◆ Exercise directions ◆
Beginning at the line that contains "Black Heel Shoes" and finishing at the line that contains "Teal Paisley Print", output the data below exactly. Include both end lines and no pictures.

◆ Data shown ◆
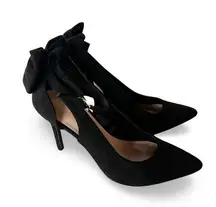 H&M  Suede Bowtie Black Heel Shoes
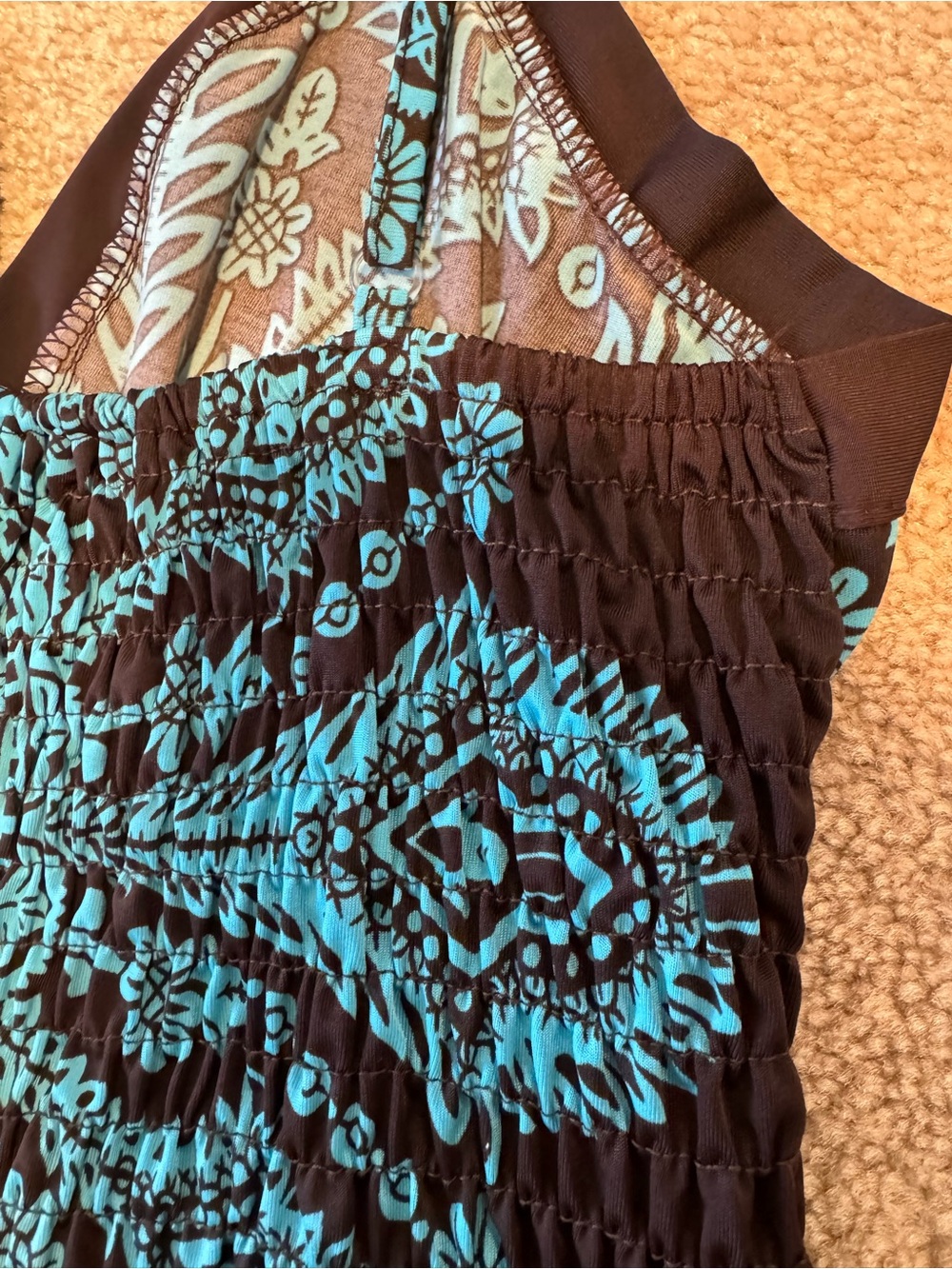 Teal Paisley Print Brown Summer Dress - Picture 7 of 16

...

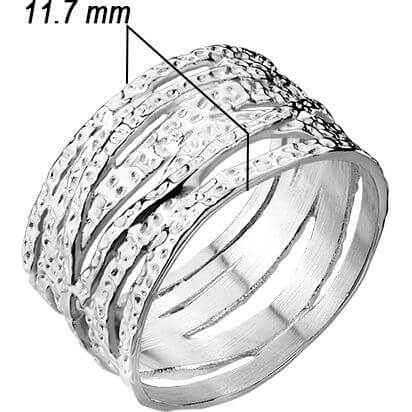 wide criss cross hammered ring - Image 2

◆ Output below ◆
 H&M  Suede Bowtie Black Heel Shoes
 Teal Paisley Print Brown Summer Dress - Picture 7 of 16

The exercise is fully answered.